═══ DATA BLOCK
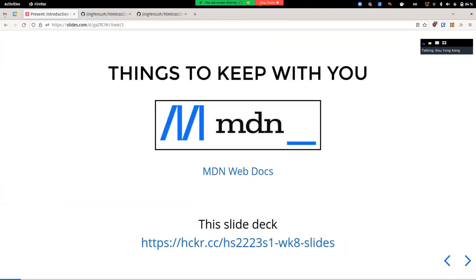Some things to keep with you: this particular slide deck, since some of the links are easier to click if you have it open. Another very useful resource for web development is the MDN Web Docs — a set of HTML-related documentation provided by the Mozilla Foundation. It's a very frequently referenced documentation and we'll be referencing it from time to time as well.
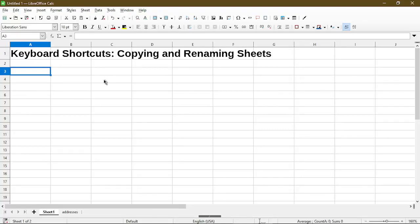In this video I'll go over two keyboard shortcuts, copying and renaming sheets. Hi my name is Michael with Office Nifty. I make quick tips and video tutorials on how to use calc software.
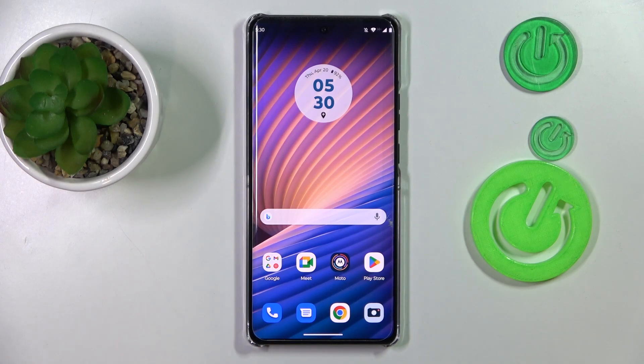This is Motorola Edge 40 Pro and today I will show how you can enable the Dolby Atmos feature on this device.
══════
### ABOUT THIS EXERCISE
Your answer should contain all the material above, written out exactly, and none of the pictures.

### COMPLETED TASK
Some things to keep with you: this particular slide deck, since some of the links are easier to click if you have it open. Another very useful resource for web development is the MDN Web Docs — a set of HTML-related documentation provided by the Mozilla Foundation. It's a very frequently referenced documentation and we'll be referencing it from time to time as well.
In this video I'll go over two keyboard shortcuts, copying and renaming sheets. Hi my name is Michael with Office Nifty. I make quick tips and video tutorials on how to use calc software.
This is Motorola Edge 40 Pro and today I will show how you can enable the Dolby Atmos feature on this device.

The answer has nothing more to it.